Thanks @joão gabriel s.f. I was able to successfully deinstall CUDA 8.0/cuDNN 5.1 and install the latest version of tensorflow. As the whole procedure was a little confusing to me, I decided to post a quick walkthrough and maybe help people in the same situation.

UNINSTALL

First, I uninstalled cuda and all its dependencies. As I installed it via package manager, I used apt-get to remove it. For runfile installations, you can check this.

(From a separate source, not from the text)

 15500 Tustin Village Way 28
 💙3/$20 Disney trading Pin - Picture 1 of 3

sudo apt-get --purge remove cuda
sudo apt-get autoremove
dpkg --list |grep "^rc" | cut -d " " -f 3 | xargs sudo dpkg --purge

Also, I checked for any cuda folders in /usr/local/ and removed them. Regarding cuDNN, through the removal of all cuda folders, the corresponding cuda headers and libs have been deleted.

INSTALL

Check the driver of the graphics card first. CUDA 9.0 works with the v384.111 driver (so no 390.xxx needed), so I had nothing to do here.

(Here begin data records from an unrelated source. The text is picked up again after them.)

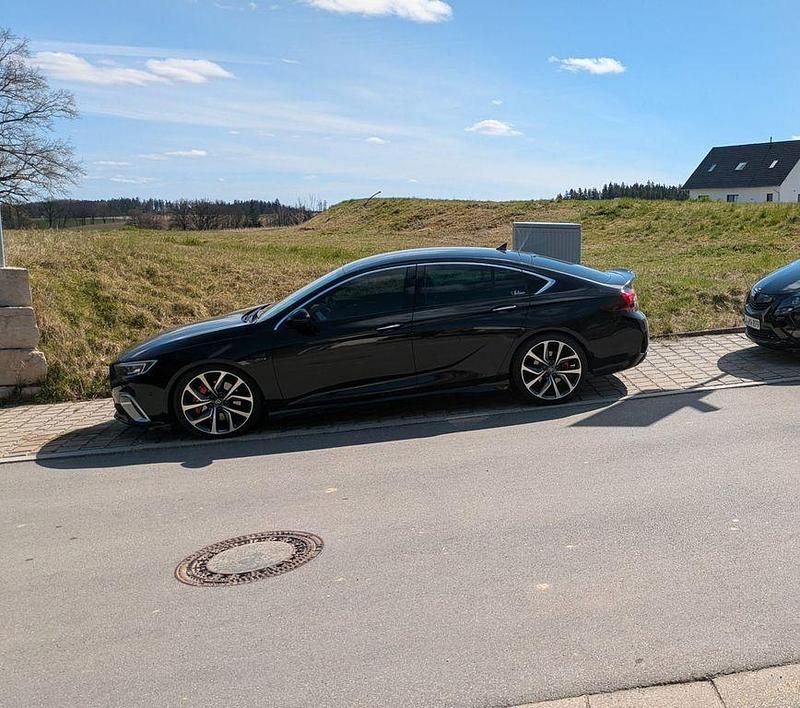 Schwarz Gebraucht 2019 Opel Insignia Limousine | 15.500 € (Guter Preis) - Bild 1/4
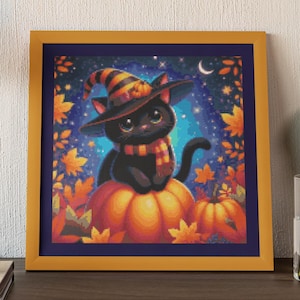Könnte beinhalten: Eine schwarze Katze mit Hexenhut und Schal sitzt auf einem großen orangefarbenen Kürbis. Die Katze ist von Herbstlaub und einem sternenklaren Nachthimmel umgeben.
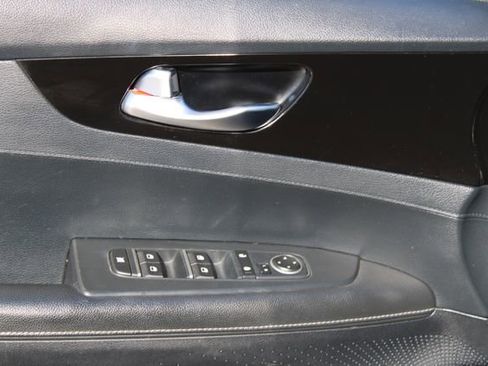 Used 2019 Kia Forte S w/ S Premium Package image 14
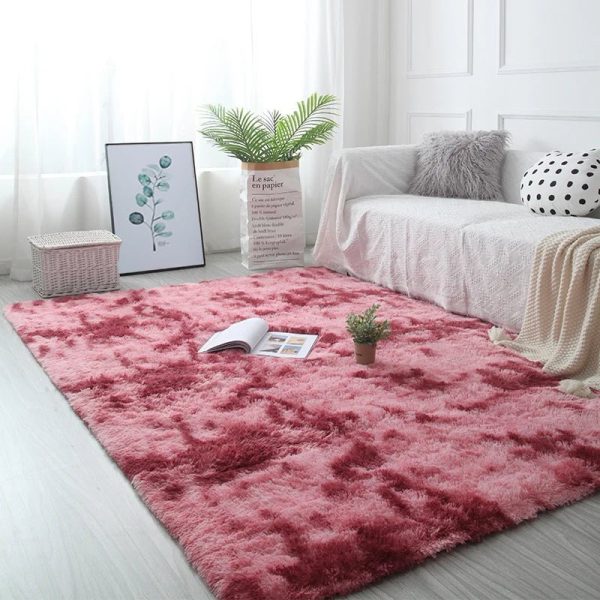 tapis de salon shaggy rouge foncé tie-dye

I downloaded CUDA Toolkit 9.0 here as deb (local). In the same folder, I executed

dpkg -i cuda-repo-ubuntu1604-9-0-local_9.0.176-1_amd64.deb
sudo apt-key add /var/cuda-repo-9-0-local/7fa2af80.pub
sudo apt-get update
sudo apt-get install cuda

Then set the environment variables:

export PATH=${PATH}:/usr/local/cuda-9.0/bin
export CUDA_HOME=${CUDA_HOME}:/usr/local/cuda:/usr/local/cuda-9.0
export LD_LIBRARY_PATH=${LD_LIBRARY_PATH}:/usr/local/cuda-9.0/lib64

Afterwards I verified my installation as described here.

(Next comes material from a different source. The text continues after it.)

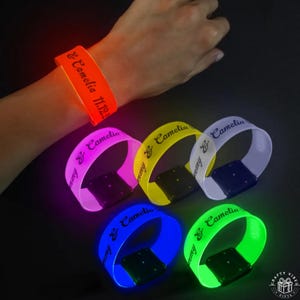 Personalisierte Glow Armbänder LED leuchten Konzert Glow in the Dark Armbänder Benutzerdefinierte Foto Bachelorette Party Favors Geschenk für Braut zu sein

I downloaded cuDNN 7.1 from the archive as tarball and installed it via

tar -xzvf cudnn-9.0-linux-x64-v7.1.tgz
sudo cp cuda/include/cudnn.h /usr/local/cuda/include
sudo cp cuda/lib64/libcudnn* /usr/local/cuda/lib64
sudo chmod a+r /usr/local/cuda/include/cudnn.h \ 
/usr/local/cuda/lib64/libcudnn*

After starting the Python bash, I was able to import tensorflow and run a simple graph.

Thanks again and have a nice week!

like image 138
DocDriven Avatar answered Oct 05 '22 15:10

DocDriven


See this documentation. They say to always remove the old version from cuda first.

and since cuda 9.1 requires a driver >= 390 version (check compatibility chart). It would be good to remove your current driver. But no worries, because the 390 driver comes with cuda 9.1 at install.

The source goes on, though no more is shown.